DRC Commissioner Michael Burton explained the problem at yesterday's launch event in London. "Website commissioners saw [accessibility] as a technical issue for developers," he said, "but developers had an uninformed tick-box approach to the guidelines. So we established an accountability framework."

The guidelines to which he refers are the Web Content Accessibility Guidelines (WCAG), drawn up by the World Wide Web Consortium's Web Accessibility Initiative. WCAG 1.0, published in 1999, defined accessibility in terms of Levels A, AA and AAA. It remains the benchmark for website accessibility. But the DRC saw a need for something else, something that boardrooms could understand.

Burton approached BSI, which recommended a Publicly Available Specification. A PAS is not a full British Standard but it is developed using a similar process. It can be introduced more quickly because it doesn't require full consensus among experts. The end result is guidance, not a standard, and it is subject to review in less than two years. But a PAS can become a standard over time, depending on how it is accepted.

The authors

Julie Howell, the Royal National Institute of the Blind's Digital Policy Development Manager, was commissioned by the BSI as the Technical Writer for the PAS Project. Howell wrote the first draft and submitted that to a Steering Group – with representatives from the DRC, AbilityNet, the BBC, the Cabinet Office, IBM, Tesco.com, University College London and the Usability Professionals’ Association. In addition, more than 120 representatives from across the new media, digital and related industries were invited to join a Review Panel to comment on the draft. More than 900 comments were received, running to 188 pages.

Howell, who has been with the RNIB for 12 years, said she became involved with PAS 78 because it presented an opportunity to improve the lives of disabled people. "Commissioners have to step up to their duty," she said.

She was keen to stress that PAS 78 is not in conflict with the WAI guidelines which are under the directorship of Judy Brewer. "The WAI was involved from the earliest stage," she said. Addressing an audience of experts in the field yesterday she added, "I hope it contains very little that's new for you."

Accessibility policies

Giles Colborne, president of the UK Chapter of the Usability Professionals' Association, said the most important part of PAS 78, in his view, is its call for an accessibility policy within an organisation. He described the policy as "a roadmap to making and keeping a site accessible."

PAS 78 explains that the policy should set accessibility targets and should be referenced in tender and contract documents. Colborne suggests that it might be anything from one to 10 pages in length. A summary should appear on the website itself.

PAS 78 says the policy should reference the W3C guidelines and the specifications that the website upholds.
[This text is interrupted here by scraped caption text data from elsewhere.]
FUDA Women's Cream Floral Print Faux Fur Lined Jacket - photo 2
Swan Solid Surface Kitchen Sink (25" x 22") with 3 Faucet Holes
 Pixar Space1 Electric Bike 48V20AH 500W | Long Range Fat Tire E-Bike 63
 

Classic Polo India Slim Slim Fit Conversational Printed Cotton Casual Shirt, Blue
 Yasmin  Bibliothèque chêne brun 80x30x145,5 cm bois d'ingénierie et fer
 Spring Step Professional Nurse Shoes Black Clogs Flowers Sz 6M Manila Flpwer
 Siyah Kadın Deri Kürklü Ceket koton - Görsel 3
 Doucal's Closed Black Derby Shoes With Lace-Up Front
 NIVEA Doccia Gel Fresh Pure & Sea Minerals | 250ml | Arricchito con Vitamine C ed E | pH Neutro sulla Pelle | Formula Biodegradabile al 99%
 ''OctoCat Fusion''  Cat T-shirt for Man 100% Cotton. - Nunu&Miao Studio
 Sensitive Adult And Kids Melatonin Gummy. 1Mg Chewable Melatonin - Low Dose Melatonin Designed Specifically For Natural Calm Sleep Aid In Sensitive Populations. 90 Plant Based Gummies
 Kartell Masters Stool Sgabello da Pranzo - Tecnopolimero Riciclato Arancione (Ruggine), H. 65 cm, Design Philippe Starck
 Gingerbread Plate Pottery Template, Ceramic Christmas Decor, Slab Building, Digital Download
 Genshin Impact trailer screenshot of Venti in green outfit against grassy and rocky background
It should include "a description of the disabled users to be consulted during the development of the website" and an explanation of the core tasks that users should be able to achieve on the site – e.g. buy a book – and the criteria for determining success.

Where an area or element of the website is unlikely to be accessible to people with particular impairments, an explanation should be provided of any repairs to be made and the timescale; how disabled people can find alternative access to the information; or why it is considered reasonable for the area to remain inaccessible.

Full contact details should also be made available as part of the policy. The website summary should also provide contact details for requesting further information about the accessibility policy and provision for users to lodge complaints or suggestions with the website commissioner.

Sites should be usable and accessible on "a reasonable range" of web browsers and operating systems, it says.